● **AIM OF THE EXERCISE**: Return the line containing "a group of people inspect a pineapple farm" together with every later line up to the end of the records, exactly and with no pictures; return nothing else.

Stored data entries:
╔══
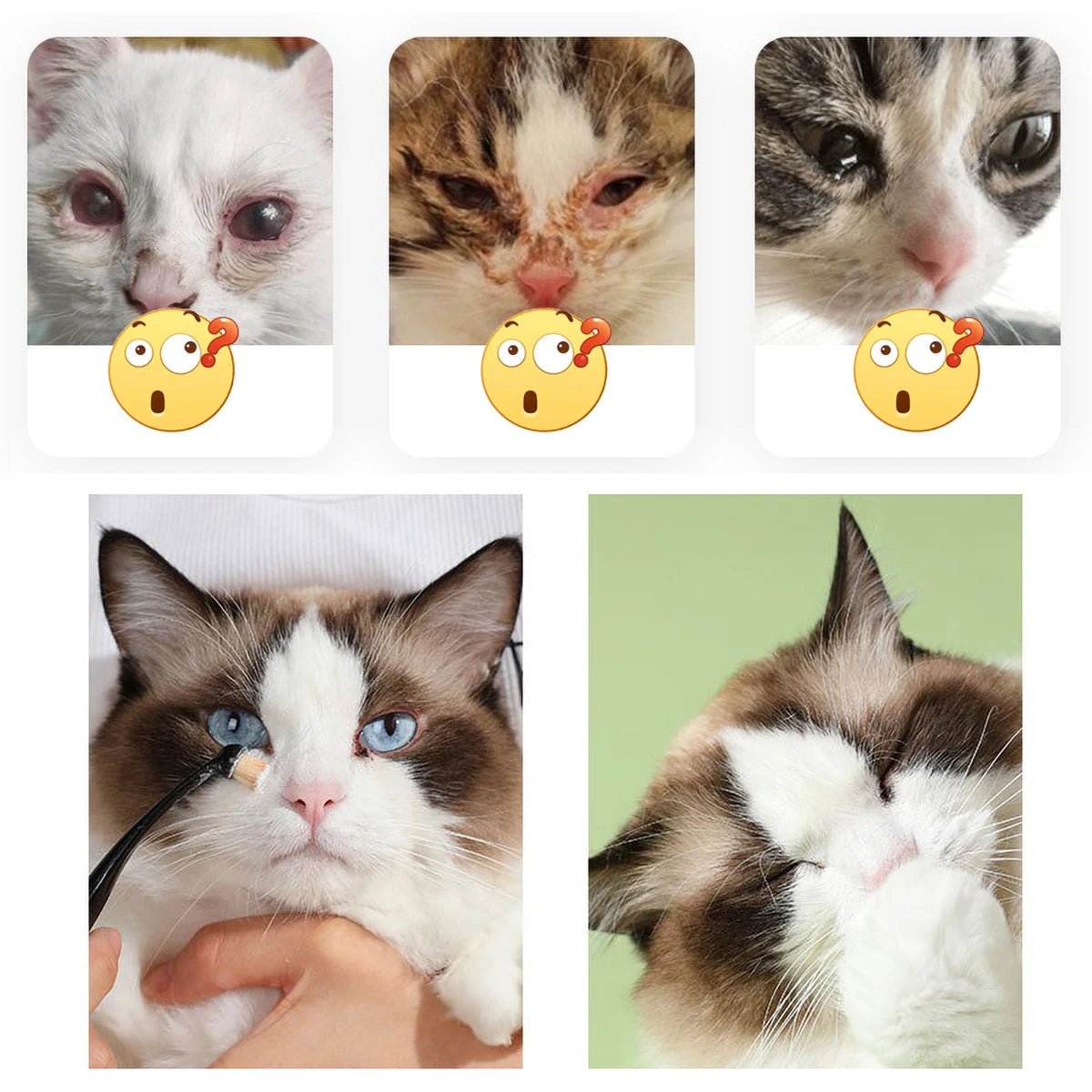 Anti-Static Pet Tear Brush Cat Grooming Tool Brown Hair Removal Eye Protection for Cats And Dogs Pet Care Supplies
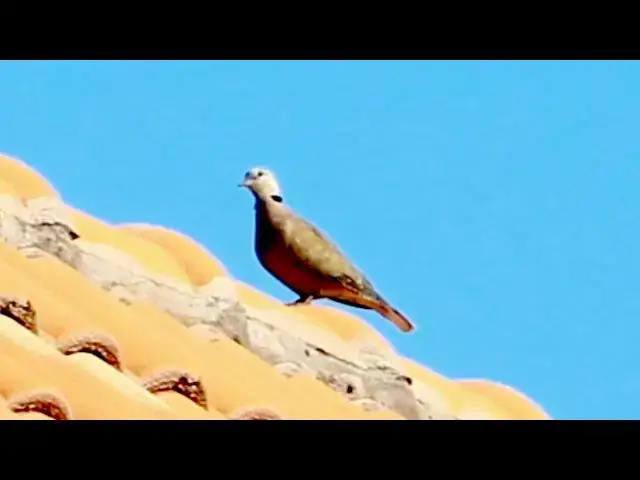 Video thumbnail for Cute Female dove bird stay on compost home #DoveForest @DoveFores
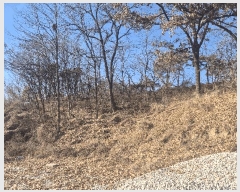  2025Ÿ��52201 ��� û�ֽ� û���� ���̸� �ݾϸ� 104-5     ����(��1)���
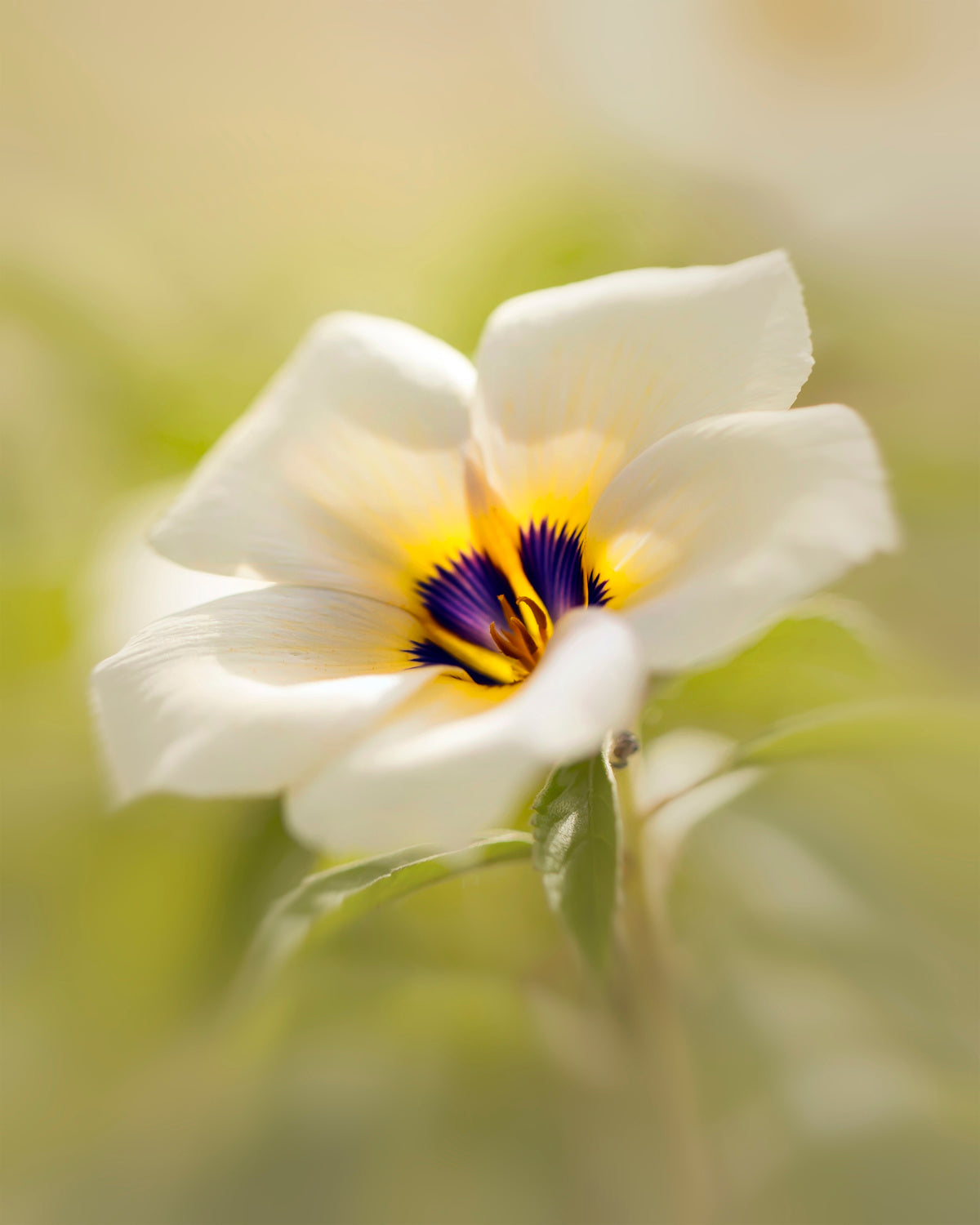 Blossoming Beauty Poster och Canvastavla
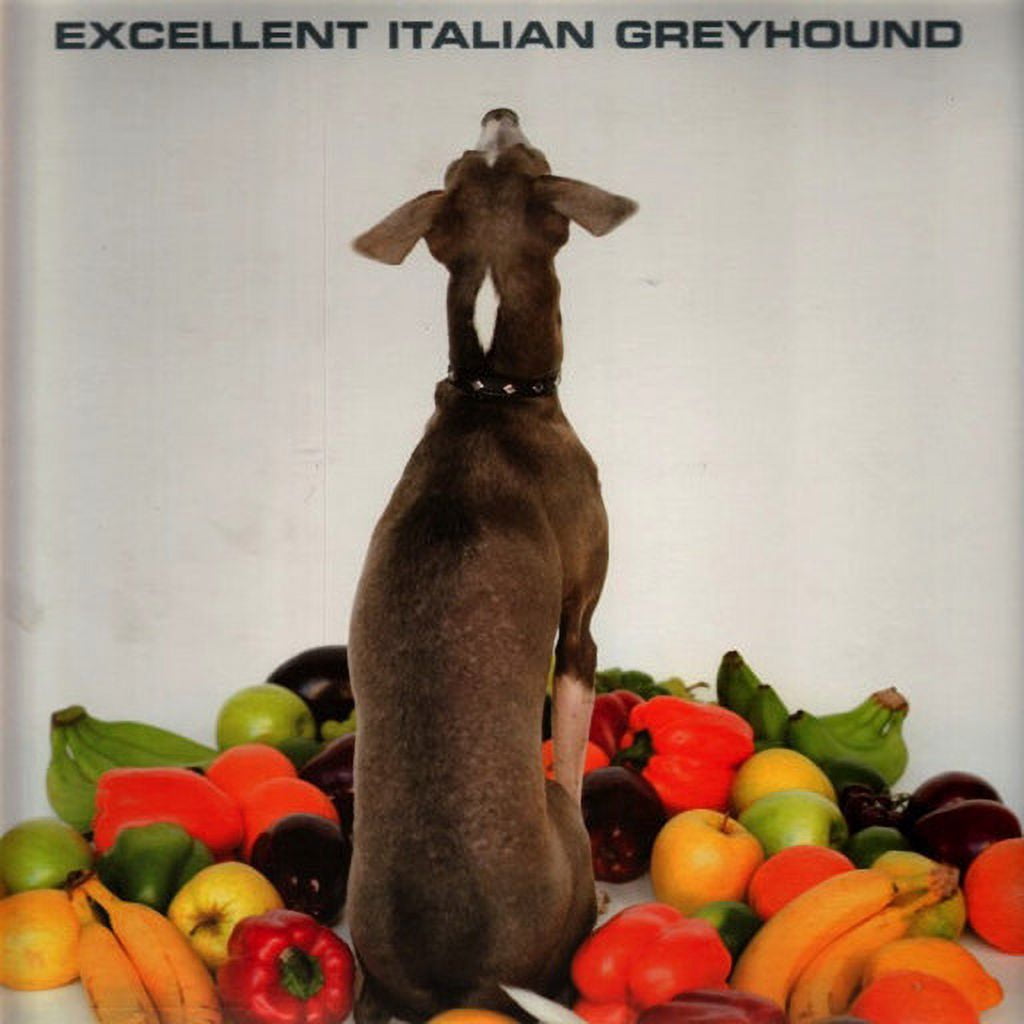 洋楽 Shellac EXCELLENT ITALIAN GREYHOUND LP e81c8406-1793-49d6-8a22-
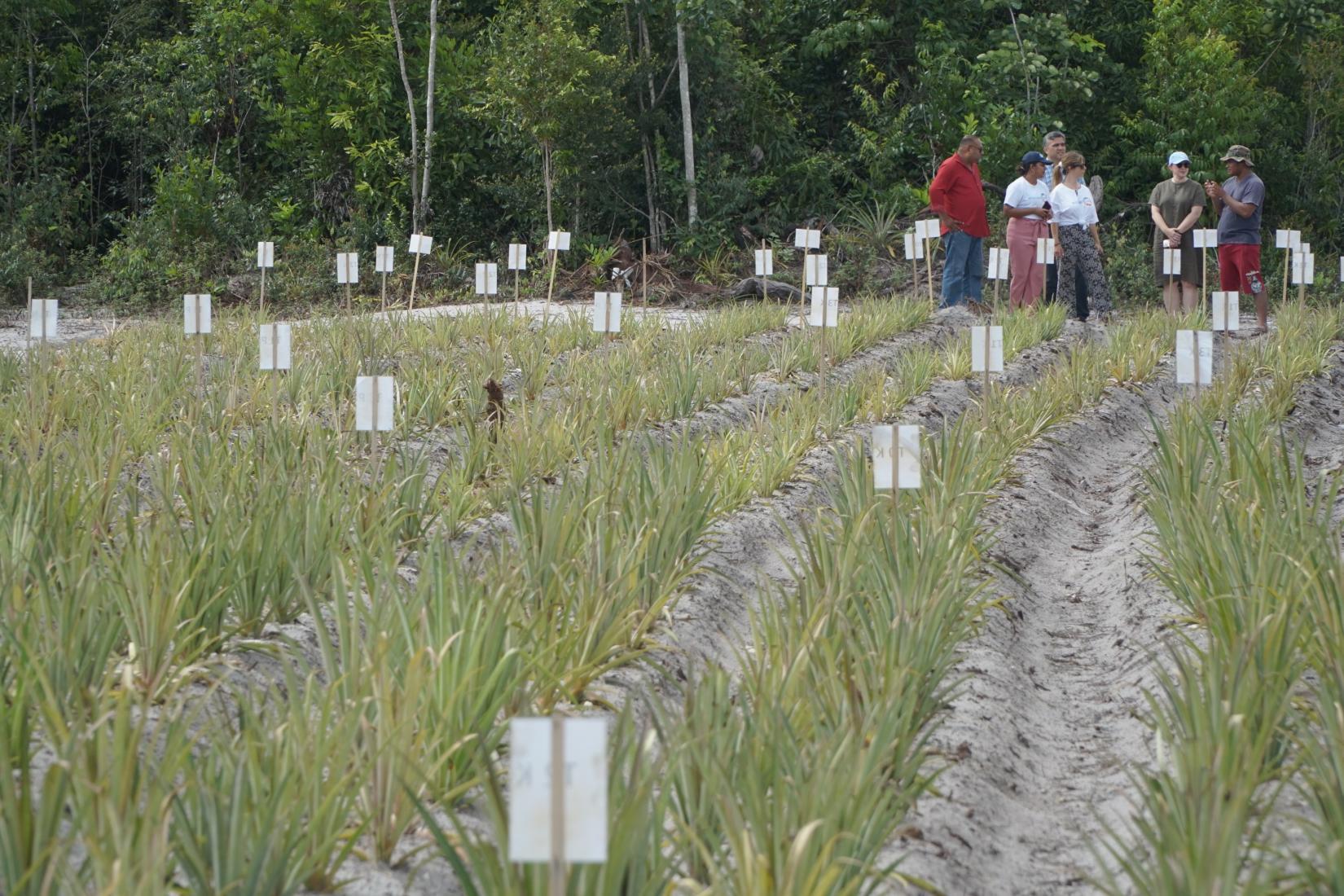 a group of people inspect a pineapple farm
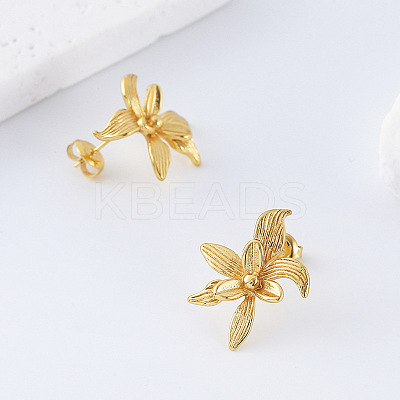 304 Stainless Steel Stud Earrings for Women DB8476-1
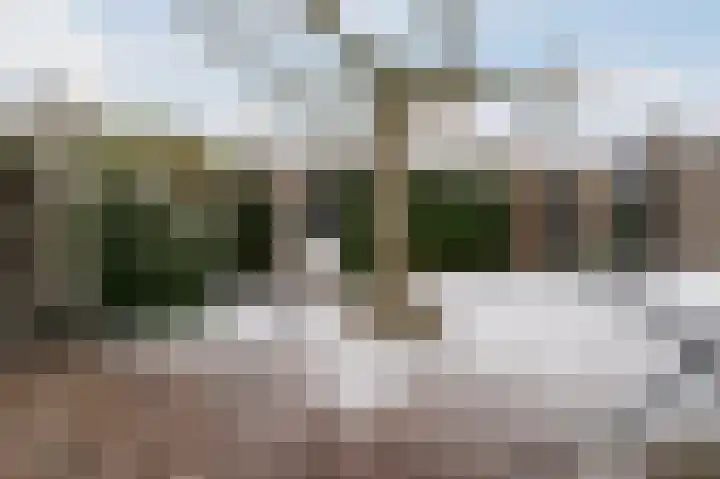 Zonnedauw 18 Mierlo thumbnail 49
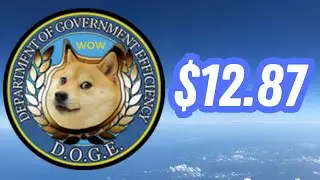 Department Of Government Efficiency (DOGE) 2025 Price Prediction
╚══
● **SOLUTION FOR THIS EXERCISE**:
 a group of people inspect a pineapple farm
 304 Stainless Steel Stud Earrings for Women DB8476-1
 Zonnedauw 18 Mierlo thumbnail 49
 Department Of Government Efficiency (DOGE) 2025 Price Prediction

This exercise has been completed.